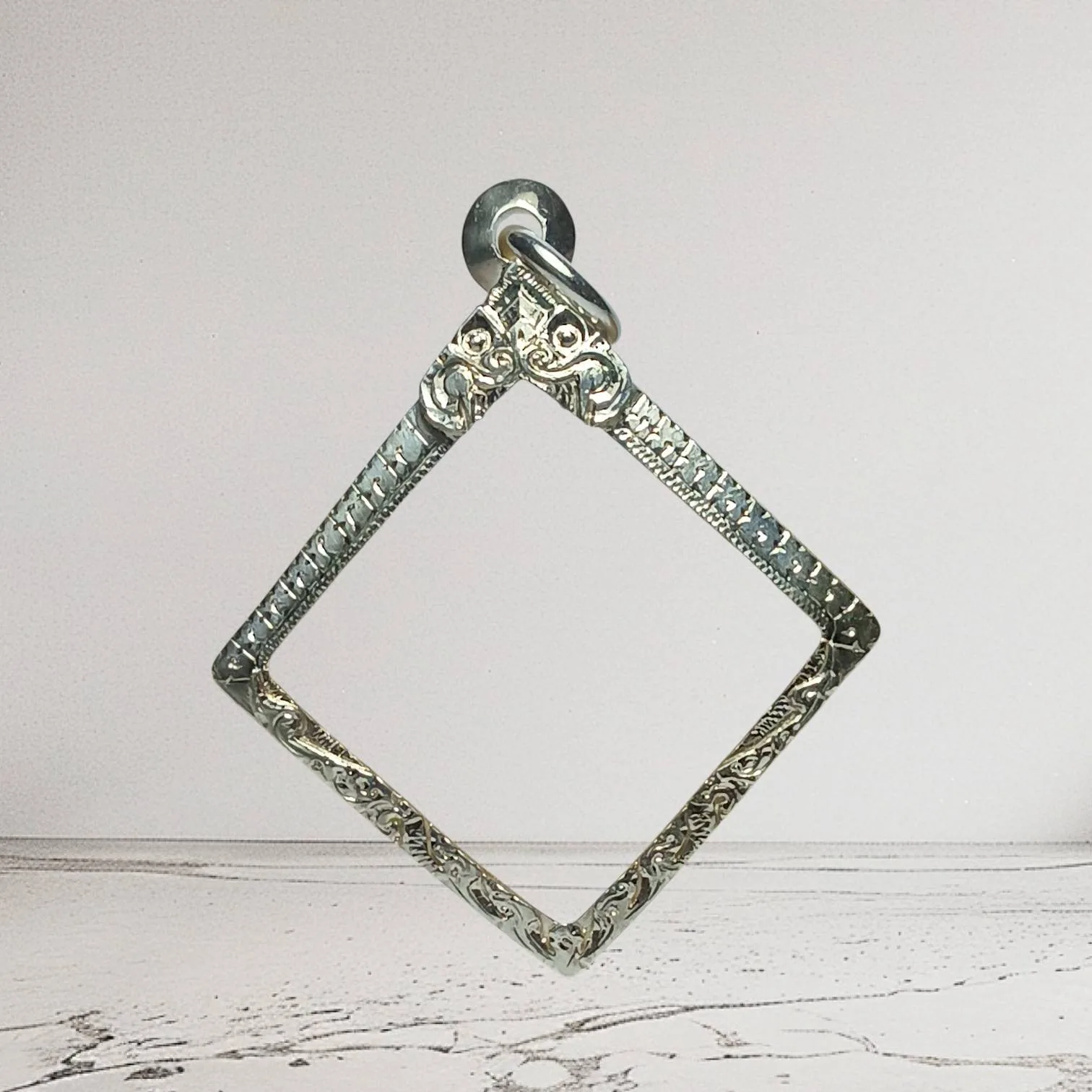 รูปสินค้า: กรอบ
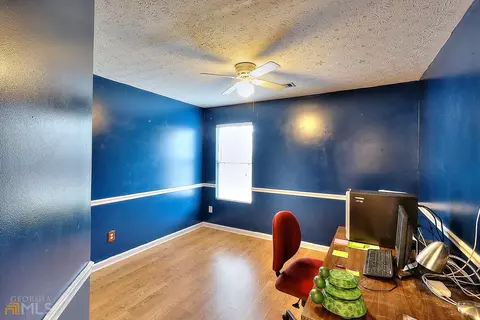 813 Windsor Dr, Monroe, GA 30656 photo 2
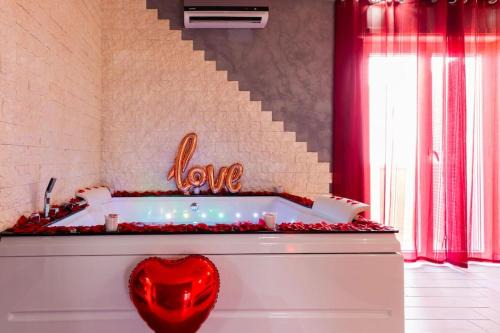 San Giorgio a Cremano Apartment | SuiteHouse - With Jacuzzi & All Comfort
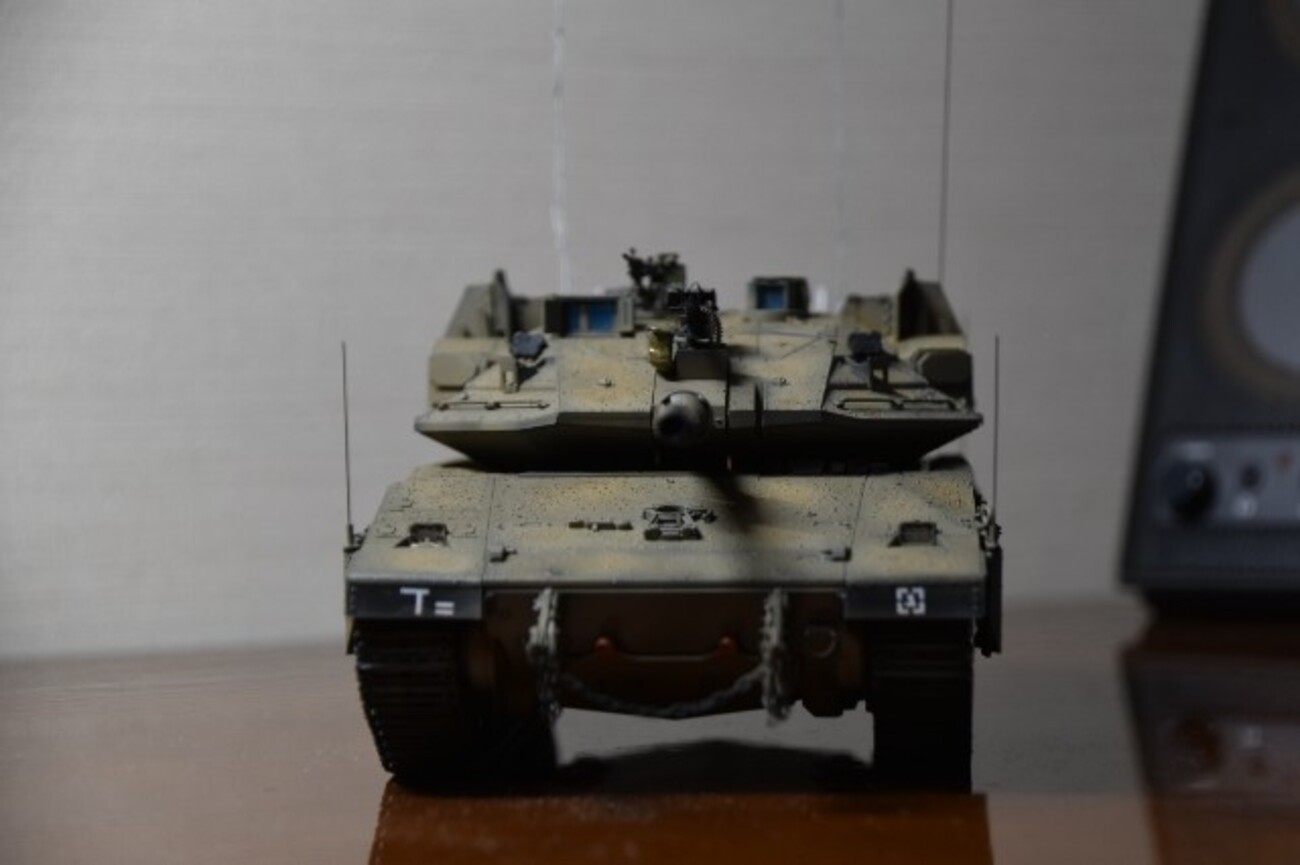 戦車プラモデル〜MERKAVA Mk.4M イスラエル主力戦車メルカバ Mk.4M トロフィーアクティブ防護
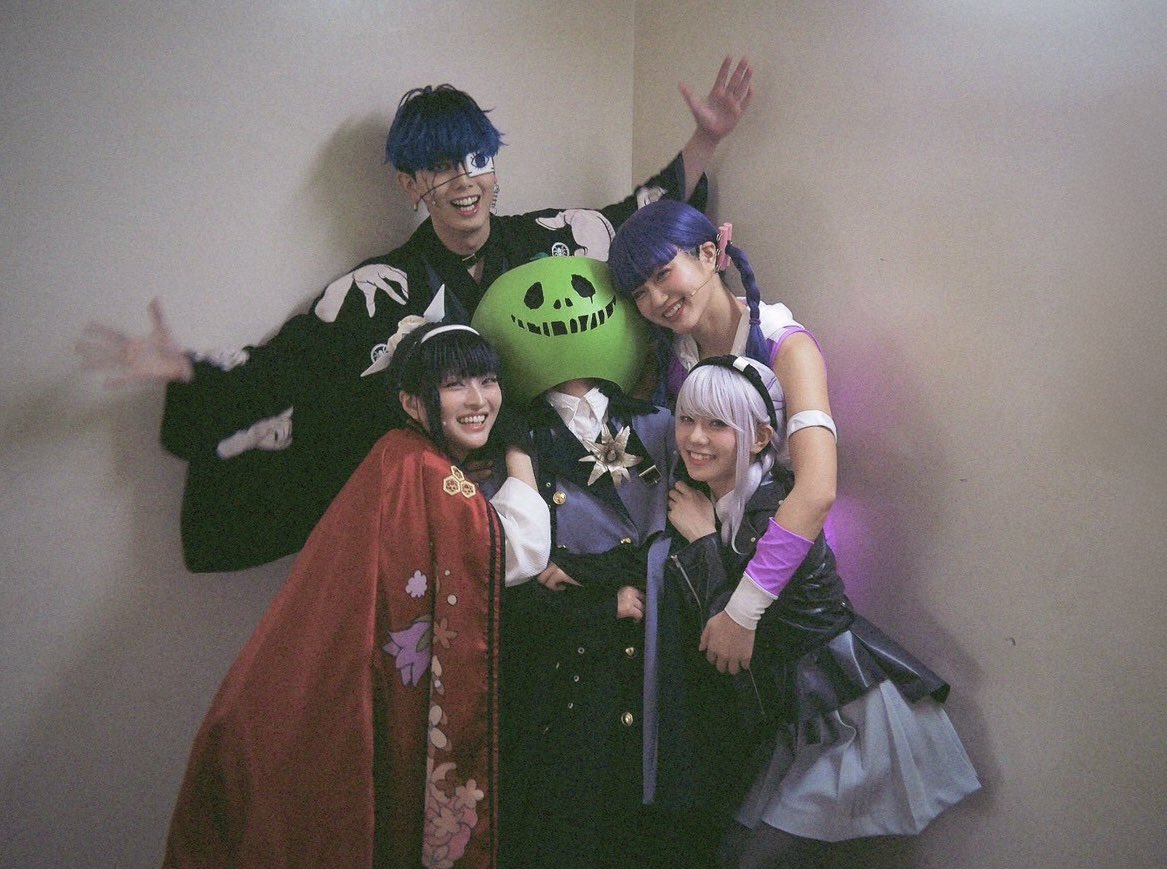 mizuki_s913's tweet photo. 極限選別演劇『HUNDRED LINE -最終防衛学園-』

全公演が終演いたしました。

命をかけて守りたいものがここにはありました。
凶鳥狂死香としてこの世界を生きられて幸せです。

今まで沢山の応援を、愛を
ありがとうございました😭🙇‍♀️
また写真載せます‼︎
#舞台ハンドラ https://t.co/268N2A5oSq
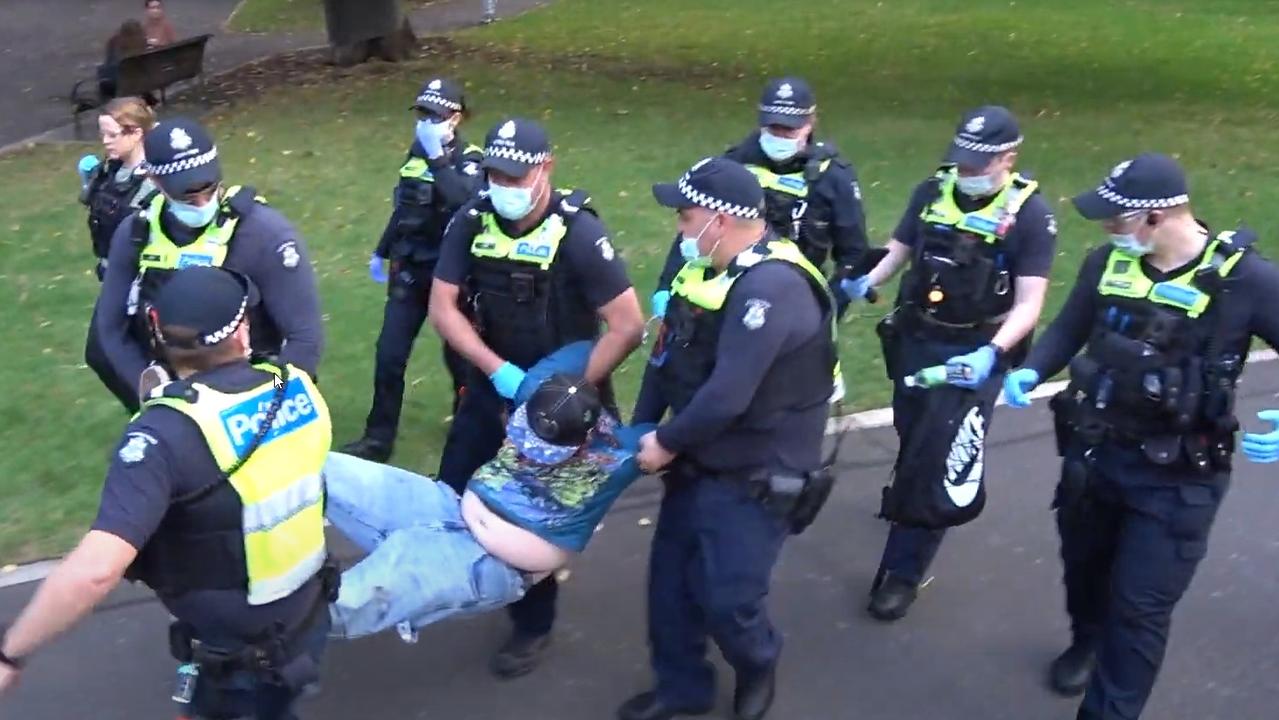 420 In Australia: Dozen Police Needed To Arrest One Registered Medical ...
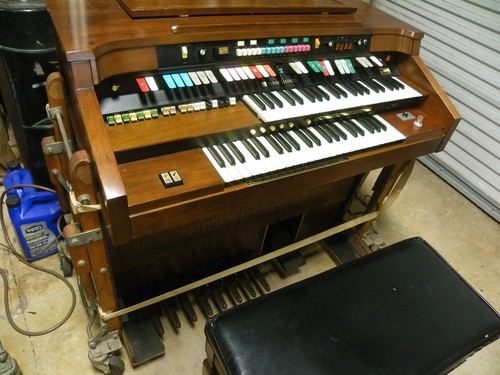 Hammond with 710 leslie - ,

━━━━━━━━━━━━━━━━━━━━

» WHAT IS REQUIRED: Leave the images out and give the rest of the data again exactly.

» TASK OUTPUT:
 รูปสินค้า: กรอบ
 813 Windsor Dr, Monroe, GA 30656 photo 2
 San Giorgio a Cremano Apartment | SuiteHouse - With Jacuzzi & All Comfort
 戦車プラモデル〜MERKAVA Mk.4M イスラエル主力戦車メルカバ Mk.4M トロフィーアクティブ防護
 mizuki_s913's tweet photo. 極限選別演劇『HUNDRED LINE -最終防衛学園-』

全公演が終演いたしました。

命をかけて守りたいものがここにはありました。
凶鳥狂死香としてこの世界を生きられて幸せです。

今まで沢山の応援を、愛を
ありがとうございました😭🙇‍♀️
また写真載せます‼︎
#舞台ハンドラ https://t.co/268N2A5oSq
 420 In Australia: Dozen Police Needed To Arrest One Registered Medical ...
 Hammond with 710 leslie - ,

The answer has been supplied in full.